Dataset items:
►
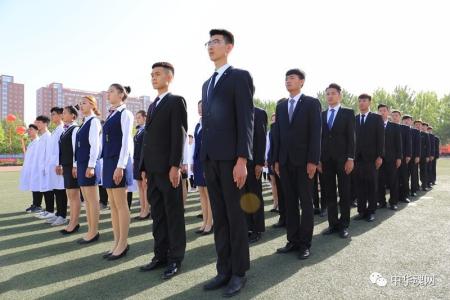 貴州高鐵上救助病人獲乘客點贊,貴陽鐵路技術(shù)學校
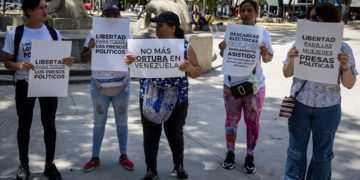 Oposición mayoritaria pide a la CPI documentar la muerte de tres presos poselectorales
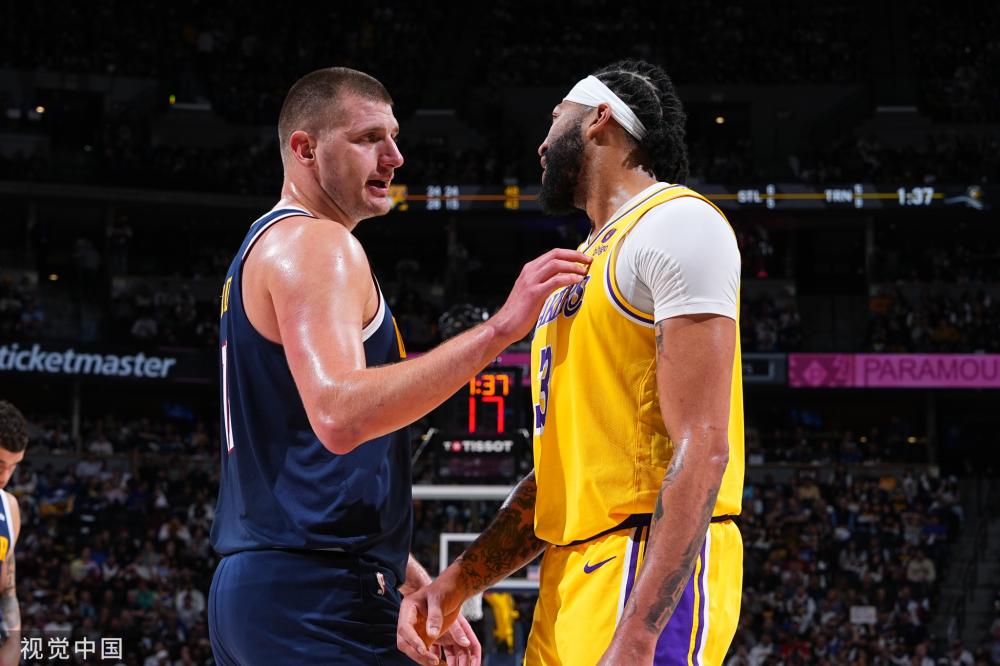 他便积极地 他便积极地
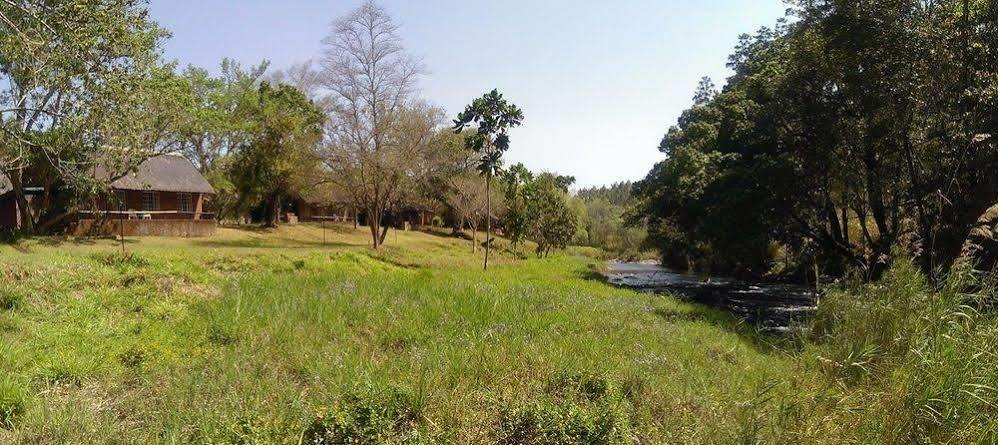 Kwambali Riverside Lodge Hazyview Buitenkant foto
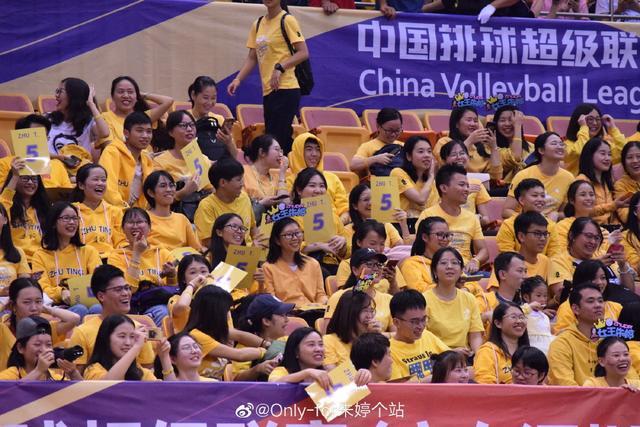  法兰克福球迷横幅致敬功勋队长罗德感动全场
◄
→ **WHAT THE EXERCISE ASKS**:
The lines wanted run from the line containing "他便积极地 他便积极地" through the end of the entries; return them exactly, both ends included, and keep pictures out.

→ **REPLY**:
 他便积极地 他便积极地
 Kwambali Riverside Lodge Hazyview Buitenkant foto
  法兰克福球迷横幅致敬功勋队长罗德感动全场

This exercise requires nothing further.